In fact, Valentine has buried two brothers, and hasn’t really let go of the keen grief resulting from either death. He’s lost two more brothers to the inexorable grip of happy marriages, and his oldest brother, Devlin, has also removed two hundred miles north to the West Riding.
Valentine has been holding onto to a lot of bewildering losses—no wonder his hand aches.
Except… This is one of my early manuscripts, and as such, has been significantly pared down from its original first draft… pared down by, oh, say 50,000 words. That means there’s half a book I’ve written about this story that you haven’t read, and buried in that half a book is more information about Val’s ailment.
As a child, trying to keep up with his older brothers while skating, Val had a fall on an outstretched hand (FOOSH). He hid the condition from Her Grace, and by the time His Grace figured out that his baby boy was injured, the affected wrist was healing. His Grace pronounced it a bad sprain (it was a fracture), and tried to tell himself that stoicism even in a five year old is something to be proud of. (Her Grace would have known better.)
In modern medical terms a FOOSH is one condition that can create a predisposition to carpal tunnel syndrome.
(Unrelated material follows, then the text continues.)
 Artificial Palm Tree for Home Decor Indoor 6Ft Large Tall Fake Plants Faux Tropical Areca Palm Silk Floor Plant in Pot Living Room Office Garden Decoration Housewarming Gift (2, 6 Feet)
Val’s symptoms—worse inflammation around the thumb and index fingers than the other fingers, abatement of inflammation following rest—are consistent with a diagnosis of carpal tunnel. Repetitive stress can play a role in carpal tunnel, but so too, the literature suggests, can chronic emotional stress.
So maybe Valentine had a case of carpal tunnel that resolved with rest.
Or maybe it was a matter of him having to let go of what ailed his heart before his hand would heal. I’ve been around a lot of dedicated pianists, and as a group, I’ve noticed they tend not to suffer ailments of the hand—to the contrary, many of them ply their instruments with breathtaking skill very late in life (Eubie Blake, Marion McPartland, Arturo Rubinstein, Dave Brubeck to name a few).
To answer the question then, I know Valentine’s ailment was at least physical, but David Worthington was right too: Illness can have its origins in the emotions of the heart, and healing can originate there too.
Have you ever endured an ailment you suspected was more of the heart than the body?